Have you read in real estate news about the so called shadow market? This is the market segment normally defined as the homes where the owners have defaulted, but the bank has not yet completed the foreclosure process. And beneath this underlying market, there still exists an even more nebulous shadowy segment beneath this one. We live in a real estate world now where even experts are baffled by uncharted territories.
Shadow markets as typically described occur because the lag between default and foreclosure can be range from 90 days to years, depending on the circumstances - and bank’s ineptness, owner bankruptcy, unsuccessful short sale transactions, and other factors may keep very marketable homes off the market. Even once foreclosure is complete, it is often another few months before these houses get back on the market.
The shadow market is housing inventory purgatory out of which it seems someone could benefit, but hardly anyone ever does. But all of this is well documented, if circuitous to understand and navigate. It is really impossible to venture more than a guess at the number of properties in this shadow market at any given time. Real estate pundits don’t often look beyond this definition of the shadow market.
As a real estate professionals, we look at housing listing and sales activity, but how many out there have noticed yet another shadowy area? Not too many I will wager. Not all real estate listings sell obviously, and when the listing period expires, the home seller makes the decision to re-list with their current agent, find a new agent, or keep the house off the market.
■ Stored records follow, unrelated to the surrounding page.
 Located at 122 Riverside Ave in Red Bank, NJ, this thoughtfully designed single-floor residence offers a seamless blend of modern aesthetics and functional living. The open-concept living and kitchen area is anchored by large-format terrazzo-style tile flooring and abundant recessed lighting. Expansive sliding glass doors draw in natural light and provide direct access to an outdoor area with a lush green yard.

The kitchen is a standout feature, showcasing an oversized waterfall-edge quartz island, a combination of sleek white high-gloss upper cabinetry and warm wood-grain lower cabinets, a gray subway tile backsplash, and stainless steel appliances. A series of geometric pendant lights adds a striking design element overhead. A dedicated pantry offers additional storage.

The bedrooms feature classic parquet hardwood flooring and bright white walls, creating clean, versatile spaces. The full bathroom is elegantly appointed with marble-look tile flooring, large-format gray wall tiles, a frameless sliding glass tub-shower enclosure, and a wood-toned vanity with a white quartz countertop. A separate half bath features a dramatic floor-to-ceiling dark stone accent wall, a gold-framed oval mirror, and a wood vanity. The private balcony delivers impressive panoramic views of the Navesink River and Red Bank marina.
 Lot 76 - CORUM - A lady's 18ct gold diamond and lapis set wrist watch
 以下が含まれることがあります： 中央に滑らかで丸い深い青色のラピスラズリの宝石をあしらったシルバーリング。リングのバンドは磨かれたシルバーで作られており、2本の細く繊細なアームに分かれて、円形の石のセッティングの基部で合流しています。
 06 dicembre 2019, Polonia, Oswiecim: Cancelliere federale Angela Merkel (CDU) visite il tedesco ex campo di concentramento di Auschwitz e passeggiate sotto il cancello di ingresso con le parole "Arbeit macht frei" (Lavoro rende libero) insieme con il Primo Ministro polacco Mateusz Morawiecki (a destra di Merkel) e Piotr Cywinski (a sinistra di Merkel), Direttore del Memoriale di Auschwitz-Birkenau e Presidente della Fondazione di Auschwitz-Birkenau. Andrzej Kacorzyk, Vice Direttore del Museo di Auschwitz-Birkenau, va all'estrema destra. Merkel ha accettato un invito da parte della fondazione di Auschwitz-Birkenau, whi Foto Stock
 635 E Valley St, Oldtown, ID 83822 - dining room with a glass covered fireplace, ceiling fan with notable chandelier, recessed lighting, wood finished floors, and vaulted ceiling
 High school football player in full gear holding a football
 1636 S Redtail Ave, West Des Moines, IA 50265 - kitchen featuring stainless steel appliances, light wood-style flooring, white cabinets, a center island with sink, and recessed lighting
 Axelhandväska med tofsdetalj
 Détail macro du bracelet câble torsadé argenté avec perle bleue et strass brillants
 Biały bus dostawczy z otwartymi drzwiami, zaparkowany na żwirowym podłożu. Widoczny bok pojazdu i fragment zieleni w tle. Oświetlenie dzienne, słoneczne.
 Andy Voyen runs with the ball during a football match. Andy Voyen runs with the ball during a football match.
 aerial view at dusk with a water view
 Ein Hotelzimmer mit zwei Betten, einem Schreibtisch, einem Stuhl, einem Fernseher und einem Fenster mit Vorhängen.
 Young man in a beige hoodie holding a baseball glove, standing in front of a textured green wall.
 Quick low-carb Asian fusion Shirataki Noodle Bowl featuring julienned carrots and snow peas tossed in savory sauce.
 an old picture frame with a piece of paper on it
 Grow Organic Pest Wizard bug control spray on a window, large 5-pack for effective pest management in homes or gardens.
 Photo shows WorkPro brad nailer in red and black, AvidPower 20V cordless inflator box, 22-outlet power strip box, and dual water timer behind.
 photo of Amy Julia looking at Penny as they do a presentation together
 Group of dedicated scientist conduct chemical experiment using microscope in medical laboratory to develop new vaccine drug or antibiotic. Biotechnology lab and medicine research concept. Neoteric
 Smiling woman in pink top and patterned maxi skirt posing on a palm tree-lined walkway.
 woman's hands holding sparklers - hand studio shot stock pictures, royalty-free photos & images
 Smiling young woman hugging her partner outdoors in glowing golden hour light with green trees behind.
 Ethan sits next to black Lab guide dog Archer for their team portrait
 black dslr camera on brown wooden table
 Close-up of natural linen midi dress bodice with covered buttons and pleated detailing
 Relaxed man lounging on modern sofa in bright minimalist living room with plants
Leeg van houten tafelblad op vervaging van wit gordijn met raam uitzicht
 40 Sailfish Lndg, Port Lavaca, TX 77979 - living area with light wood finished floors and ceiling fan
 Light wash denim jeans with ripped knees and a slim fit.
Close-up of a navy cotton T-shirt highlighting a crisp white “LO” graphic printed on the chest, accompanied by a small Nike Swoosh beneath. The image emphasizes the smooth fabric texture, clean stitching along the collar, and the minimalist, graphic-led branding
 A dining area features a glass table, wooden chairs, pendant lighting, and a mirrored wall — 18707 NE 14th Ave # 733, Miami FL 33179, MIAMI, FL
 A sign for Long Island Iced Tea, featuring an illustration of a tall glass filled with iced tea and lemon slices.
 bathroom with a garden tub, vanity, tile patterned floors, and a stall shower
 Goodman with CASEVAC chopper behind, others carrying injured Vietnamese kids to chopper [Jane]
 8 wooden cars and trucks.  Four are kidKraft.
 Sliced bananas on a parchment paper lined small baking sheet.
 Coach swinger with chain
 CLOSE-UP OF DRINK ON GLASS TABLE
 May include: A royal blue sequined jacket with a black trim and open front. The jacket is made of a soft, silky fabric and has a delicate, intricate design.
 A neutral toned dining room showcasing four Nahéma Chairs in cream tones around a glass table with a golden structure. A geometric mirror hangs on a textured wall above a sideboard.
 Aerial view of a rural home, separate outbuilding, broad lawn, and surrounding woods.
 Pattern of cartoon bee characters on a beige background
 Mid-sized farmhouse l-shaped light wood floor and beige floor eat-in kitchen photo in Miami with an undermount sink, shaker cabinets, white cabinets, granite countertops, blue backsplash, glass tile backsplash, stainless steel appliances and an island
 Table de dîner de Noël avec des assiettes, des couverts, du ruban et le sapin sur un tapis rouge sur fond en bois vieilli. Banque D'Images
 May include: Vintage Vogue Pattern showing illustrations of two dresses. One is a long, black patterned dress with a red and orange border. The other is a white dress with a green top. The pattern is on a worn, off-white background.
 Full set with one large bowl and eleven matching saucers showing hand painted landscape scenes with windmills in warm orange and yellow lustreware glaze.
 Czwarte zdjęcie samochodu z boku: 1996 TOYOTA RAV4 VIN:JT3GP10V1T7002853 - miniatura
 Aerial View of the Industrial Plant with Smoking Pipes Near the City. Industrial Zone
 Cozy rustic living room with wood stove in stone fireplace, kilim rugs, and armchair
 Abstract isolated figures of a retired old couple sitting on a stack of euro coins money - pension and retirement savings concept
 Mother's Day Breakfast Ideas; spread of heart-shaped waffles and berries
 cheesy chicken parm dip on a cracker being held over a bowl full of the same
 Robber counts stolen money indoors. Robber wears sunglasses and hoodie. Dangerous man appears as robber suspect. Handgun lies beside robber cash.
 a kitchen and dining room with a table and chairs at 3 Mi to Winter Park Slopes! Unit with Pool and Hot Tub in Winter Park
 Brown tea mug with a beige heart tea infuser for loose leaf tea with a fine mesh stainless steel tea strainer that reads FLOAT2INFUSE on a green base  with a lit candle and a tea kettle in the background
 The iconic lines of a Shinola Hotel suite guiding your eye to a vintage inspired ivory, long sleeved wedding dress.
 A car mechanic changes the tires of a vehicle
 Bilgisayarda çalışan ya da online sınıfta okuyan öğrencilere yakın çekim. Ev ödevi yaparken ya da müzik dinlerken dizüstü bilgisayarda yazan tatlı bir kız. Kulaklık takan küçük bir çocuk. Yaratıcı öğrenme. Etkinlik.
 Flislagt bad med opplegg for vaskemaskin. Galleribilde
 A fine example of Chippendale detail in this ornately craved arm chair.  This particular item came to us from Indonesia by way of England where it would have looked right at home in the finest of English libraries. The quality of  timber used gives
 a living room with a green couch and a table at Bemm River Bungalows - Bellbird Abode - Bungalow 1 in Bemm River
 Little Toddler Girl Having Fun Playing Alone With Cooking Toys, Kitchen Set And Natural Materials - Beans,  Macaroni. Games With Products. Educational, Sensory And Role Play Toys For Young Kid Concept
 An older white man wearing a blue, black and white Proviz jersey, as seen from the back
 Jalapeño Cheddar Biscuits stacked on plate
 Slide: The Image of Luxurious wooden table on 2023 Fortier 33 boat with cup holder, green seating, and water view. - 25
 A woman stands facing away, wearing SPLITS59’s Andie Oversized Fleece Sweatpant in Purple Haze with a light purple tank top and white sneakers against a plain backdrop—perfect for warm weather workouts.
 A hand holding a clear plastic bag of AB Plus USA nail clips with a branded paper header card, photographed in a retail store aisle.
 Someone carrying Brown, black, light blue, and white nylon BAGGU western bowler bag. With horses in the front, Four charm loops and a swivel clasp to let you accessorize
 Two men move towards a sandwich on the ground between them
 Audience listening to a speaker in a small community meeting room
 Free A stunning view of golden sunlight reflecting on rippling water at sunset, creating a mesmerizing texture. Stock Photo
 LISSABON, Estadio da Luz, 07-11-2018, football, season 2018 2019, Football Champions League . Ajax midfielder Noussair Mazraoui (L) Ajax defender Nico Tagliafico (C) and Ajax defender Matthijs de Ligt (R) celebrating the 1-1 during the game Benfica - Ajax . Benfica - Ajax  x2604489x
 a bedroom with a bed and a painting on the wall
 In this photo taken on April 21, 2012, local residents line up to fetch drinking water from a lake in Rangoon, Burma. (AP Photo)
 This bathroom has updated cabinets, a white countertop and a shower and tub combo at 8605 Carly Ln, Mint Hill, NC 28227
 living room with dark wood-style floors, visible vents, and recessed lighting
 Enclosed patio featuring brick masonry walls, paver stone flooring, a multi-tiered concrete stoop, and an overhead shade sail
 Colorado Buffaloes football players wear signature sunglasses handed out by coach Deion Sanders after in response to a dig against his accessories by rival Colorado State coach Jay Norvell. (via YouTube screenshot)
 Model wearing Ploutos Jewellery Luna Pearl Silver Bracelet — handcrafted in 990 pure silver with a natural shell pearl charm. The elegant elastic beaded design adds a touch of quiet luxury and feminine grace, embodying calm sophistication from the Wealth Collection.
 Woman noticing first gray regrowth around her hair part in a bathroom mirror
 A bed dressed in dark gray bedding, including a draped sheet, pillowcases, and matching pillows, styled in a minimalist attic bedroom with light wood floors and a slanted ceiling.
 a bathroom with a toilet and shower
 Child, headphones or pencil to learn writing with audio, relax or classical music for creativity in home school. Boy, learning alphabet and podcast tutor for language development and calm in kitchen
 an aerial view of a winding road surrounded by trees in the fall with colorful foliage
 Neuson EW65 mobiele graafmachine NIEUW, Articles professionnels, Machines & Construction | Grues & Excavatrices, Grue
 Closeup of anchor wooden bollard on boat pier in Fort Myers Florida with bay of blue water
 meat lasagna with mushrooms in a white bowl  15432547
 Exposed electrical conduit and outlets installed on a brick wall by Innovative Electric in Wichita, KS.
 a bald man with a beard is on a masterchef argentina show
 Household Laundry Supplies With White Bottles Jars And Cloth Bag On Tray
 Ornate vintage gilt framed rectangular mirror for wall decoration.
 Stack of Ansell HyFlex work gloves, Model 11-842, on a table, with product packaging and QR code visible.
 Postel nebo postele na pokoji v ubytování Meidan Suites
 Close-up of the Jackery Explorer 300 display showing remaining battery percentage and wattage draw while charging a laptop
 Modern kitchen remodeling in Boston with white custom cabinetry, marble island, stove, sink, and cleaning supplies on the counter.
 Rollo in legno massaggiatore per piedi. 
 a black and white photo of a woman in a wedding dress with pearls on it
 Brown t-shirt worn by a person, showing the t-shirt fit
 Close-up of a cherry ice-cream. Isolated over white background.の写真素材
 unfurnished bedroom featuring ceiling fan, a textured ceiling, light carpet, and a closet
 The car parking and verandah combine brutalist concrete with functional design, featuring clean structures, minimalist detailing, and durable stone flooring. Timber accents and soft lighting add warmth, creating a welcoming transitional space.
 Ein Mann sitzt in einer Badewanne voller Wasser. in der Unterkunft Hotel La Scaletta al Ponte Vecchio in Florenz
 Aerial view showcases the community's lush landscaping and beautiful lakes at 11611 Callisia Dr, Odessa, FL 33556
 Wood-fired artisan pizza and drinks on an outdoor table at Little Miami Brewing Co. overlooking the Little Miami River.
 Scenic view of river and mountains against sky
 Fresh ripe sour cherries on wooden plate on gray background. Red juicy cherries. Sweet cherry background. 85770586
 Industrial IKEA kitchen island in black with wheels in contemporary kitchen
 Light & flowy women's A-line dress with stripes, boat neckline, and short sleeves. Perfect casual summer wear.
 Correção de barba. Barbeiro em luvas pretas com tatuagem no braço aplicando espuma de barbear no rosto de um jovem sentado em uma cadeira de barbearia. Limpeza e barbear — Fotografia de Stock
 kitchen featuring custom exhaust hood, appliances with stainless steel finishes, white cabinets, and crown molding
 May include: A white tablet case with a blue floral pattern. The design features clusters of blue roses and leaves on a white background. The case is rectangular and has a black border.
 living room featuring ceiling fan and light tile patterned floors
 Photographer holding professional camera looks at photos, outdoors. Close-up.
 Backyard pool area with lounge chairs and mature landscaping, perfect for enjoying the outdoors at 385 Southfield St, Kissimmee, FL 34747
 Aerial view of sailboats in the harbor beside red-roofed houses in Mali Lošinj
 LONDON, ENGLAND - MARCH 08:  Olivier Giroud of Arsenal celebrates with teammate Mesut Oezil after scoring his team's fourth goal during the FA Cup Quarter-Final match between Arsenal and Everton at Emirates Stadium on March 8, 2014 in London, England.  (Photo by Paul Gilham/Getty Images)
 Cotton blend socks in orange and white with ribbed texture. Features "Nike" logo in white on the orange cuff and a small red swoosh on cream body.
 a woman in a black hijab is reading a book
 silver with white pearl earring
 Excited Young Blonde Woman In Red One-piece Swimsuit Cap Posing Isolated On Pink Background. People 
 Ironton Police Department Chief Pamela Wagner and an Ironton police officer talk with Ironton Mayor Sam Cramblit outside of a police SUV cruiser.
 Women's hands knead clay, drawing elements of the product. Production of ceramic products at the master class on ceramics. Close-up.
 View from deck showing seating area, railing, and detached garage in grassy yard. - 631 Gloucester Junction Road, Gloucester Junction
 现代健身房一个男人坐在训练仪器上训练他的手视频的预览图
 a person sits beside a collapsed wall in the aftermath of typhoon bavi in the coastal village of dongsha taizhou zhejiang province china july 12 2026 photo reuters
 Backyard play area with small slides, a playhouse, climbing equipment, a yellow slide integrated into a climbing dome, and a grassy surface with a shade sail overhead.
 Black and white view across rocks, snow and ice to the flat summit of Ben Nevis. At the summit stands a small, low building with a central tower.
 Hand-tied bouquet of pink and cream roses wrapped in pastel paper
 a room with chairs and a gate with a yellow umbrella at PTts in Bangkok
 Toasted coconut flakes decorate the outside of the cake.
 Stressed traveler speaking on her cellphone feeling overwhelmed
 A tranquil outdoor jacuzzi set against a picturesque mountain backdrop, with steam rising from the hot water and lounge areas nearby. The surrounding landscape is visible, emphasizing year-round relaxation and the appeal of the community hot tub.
A sizable, but unknown number of non-relisted expired listings therefore exist underneath all the other numbers of home metrics, because the intentions of the sellers are unknown. Did they give up and resolve to stay in their homes? Are they itching to get back on the market? Are they contemplating the more drastic route of default? Only they know for sure. Where are leads to this info when you most need them?
We know just as little about the expired market segment as we do about the pre-foreclosure shadow market, and the growing backlog of expired listings could have as much impact on the on the overall market, depending on the sellers’ decisions in the future. What happens when sellers give up? What does this mean for the potential buyer? Is anyone able to "see" the real real estate situation? More questions than answers, I know. Next we need to look into ways in which this new shadow market can be exposed and flipped into an asset rather than and unseen liability.